Request a free visitFAQs
New Mill Renovations — local questions answered.
- Can you renovate and extend at the same time?
- Yes, and often it's the right call — the planning, regs and disruption all happen once instead of twice. We design and price it as a single project. In New Mill specifically, we'd start by checking the latest parish-level planning history before committing to a direction.
- Do I need planning permission to renovate internally?
- Usually no — except on listed buildings, where Listed Building Consent is needed for many internal alterations. We confirm the position before any wall comes down.
- How much does a full renovation cost in Cornwall?
- A whole-house renovation typically lands between £1,800 and £3,000 per square metre depending on condition, listed status and finish level. We survey before quoting and don't price by guesswork.
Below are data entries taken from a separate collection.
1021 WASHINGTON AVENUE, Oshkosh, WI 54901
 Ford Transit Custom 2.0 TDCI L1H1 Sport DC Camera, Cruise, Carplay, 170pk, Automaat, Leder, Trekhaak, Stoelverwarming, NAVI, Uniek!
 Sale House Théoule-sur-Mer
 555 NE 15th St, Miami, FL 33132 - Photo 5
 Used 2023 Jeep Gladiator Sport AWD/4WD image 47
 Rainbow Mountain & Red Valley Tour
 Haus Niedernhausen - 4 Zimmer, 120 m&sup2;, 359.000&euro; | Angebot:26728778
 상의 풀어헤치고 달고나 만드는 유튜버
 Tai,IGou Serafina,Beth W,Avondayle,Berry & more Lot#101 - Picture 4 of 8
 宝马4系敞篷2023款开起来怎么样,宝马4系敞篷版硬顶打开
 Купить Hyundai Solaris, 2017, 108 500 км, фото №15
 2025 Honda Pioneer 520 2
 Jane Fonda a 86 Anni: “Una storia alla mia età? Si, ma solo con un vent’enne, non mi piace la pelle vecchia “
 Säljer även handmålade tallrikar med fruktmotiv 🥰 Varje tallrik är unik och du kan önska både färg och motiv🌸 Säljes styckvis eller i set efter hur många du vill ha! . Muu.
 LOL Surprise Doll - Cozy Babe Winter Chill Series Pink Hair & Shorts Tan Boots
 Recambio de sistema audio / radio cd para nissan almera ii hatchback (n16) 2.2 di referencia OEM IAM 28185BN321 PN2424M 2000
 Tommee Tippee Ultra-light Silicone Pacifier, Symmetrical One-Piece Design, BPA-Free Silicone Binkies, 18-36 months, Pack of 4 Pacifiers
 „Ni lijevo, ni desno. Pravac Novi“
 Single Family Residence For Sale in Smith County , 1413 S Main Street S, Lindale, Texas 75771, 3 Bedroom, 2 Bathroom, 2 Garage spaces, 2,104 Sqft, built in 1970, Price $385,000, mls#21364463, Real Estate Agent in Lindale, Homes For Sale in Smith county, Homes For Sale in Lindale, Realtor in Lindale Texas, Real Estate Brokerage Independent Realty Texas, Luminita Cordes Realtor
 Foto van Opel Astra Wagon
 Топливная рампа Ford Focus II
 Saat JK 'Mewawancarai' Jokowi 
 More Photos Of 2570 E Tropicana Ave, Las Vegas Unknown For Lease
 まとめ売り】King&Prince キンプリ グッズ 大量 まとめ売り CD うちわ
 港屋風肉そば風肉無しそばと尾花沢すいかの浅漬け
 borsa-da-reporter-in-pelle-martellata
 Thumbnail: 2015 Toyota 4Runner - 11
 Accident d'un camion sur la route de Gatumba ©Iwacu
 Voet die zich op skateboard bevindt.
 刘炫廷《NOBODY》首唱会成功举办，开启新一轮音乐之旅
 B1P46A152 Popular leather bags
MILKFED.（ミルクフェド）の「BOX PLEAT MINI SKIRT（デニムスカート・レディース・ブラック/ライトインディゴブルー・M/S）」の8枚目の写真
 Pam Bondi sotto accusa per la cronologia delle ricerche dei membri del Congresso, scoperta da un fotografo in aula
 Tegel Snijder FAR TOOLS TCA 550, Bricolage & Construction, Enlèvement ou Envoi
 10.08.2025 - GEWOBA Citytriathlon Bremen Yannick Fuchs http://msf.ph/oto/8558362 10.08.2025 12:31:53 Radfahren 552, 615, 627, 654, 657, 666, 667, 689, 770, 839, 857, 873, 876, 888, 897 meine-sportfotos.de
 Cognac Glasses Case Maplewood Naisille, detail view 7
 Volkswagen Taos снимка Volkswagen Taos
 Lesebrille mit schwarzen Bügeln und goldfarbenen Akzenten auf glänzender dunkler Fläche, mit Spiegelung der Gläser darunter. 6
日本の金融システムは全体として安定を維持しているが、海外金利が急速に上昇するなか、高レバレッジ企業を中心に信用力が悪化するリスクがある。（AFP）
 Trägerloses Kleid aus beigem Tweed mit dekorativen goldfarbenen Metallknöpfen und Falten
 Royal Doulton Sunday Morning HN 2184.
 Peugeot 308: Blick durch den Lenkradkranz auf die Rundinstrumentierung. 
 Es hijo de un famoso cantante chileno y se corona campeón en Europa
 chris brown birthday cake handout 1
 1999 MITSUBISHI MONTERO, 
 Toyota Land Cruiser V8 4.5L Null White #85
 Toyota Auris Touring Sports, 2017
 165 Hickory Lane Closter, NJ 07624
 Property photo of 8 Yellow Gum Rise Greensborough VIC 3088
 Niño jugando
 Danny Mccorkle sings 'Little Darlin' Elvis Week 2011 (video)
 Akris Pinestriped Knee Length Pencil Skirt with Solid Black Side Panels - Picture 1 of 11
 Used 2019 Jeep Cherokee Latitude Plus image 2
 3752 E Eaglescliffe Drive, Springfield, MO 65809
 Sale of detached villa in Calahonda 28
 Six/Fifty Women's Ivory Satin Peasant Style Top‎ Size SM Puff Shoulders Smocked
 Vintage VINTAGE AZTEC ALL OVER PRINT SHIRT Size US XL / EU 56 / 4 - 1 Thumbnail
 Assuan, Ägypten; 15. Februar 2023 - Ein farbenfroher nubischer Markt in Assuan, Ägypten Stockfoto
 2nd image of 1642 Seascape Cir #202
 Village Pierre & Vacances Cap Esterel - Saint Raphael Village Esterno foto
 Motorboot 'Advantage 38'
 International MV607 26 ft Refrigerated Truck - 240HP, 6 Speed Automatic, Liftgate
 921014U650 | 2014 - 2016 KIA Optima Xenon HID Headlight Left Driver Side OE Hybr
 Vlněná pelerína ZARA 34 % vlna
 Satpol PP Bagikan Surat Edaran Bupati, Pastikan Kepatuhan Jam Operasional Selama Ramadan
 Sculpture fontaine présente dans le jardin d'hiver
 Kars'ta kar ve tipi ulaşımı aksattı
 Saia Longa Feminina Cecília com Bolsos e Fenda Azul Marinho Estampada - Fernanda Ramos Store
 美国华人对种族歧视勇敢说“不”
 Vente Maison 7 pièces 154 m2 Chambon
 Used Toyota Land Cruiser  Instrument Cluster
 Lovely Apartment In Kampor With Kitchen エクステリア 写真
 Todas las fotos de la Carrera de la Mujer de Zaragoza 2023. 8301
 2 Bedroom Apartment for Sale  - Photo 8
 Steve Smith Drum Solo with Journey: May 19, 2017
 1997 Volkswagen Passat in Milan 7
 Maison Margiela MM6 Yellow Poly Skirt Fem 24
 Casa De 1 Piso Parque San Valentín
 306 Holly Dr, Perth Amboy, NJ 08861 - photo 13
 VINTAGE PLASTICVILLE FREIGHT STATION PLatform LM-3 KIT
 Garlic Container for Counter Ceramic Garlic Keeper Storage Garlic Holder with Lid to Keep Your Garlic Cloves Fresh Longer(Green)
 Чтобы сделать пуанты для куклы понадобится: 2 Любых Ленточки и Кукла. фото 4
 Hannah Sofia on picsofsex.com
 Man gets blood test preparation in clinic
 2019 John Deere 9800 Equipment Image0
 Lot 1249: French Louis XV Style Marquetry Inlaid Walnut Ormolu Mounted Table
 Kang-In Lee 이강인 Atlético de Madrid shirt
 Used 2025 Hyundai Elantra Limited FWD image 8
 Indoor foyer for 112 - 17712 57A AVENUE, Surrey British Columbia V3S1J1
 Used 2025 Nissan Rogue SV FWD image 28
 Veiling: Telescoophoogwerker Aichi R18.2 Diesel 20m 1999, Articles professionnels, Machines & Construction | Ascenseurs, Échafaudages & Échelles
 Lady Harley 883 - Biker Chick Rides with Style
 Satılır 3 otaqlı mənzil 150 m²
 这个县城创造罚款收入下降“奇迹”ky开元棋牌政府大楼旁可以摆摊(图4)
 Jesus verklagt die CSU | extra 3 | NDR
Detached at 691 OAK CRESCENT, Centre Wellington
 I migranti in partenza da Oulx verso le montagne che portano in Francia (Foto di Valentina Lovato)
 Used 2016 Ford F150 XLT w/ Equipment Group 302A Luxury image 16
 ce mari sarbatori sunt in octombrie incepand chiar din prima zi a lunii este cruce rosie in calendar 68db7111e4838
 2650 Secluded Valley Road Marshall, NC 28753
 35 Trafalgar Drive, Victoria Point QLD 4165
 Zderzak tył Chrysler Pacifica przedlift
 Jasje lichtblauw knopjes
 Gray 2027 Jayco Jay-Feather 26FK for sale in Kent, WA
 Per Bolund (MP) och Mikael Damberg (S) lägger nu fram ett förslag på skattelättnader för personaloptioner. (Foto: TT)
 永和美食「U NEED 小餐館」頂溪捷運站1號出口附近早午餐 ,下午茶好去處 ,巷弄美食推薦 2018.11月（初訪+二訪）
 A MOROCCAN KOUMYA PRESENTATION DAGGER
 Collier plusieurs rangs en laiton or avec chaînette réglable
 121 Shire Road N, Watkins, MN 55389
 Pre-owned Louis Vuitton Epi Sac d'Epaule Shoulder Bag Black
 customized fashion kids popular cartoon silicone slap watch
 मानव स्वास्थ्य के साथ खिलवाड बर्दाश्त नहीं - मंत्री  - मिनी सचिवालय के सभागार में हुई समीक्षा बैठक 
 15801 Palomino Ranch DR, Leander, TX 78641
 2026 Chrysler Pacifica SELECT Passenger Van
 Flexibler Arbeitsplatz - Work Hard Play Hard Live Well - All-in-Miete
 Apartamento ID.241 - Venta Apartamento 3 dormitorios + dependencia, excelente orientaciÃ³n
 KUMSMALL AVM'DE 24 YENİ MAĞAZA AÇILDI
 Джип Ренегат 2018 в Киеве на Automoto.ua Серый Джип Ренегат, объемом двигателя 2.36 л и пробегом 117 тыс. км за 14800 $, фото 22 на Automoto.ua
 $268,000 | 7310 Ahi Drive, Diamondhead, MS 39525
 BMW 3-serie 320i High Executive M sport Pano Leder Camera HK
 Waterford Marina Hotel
- How long does a renovation take?
- Single rooms in weeks, kitchens in two to three months, whole-house renovations in six to fourteen months depending on size and listed status.
- Can I live in the house during the work?
- Sometimes yes, often no. Single-room remodels and phased work can be liveable; whole-house renovations involving rewires, replumbing or floor lifting almost never are. We're honest about this at the brief.
New Mill is part of Penzance
New Mill sits inside the Penzance catchment — we cover both as one renovation territory.
See Renovations in Penzance →Other services in New Mill
Nearby places we cover
To sum up, our renovation approach in New Mill is built entirely around local Cornwall context, ensuring the best possible outcome for your property.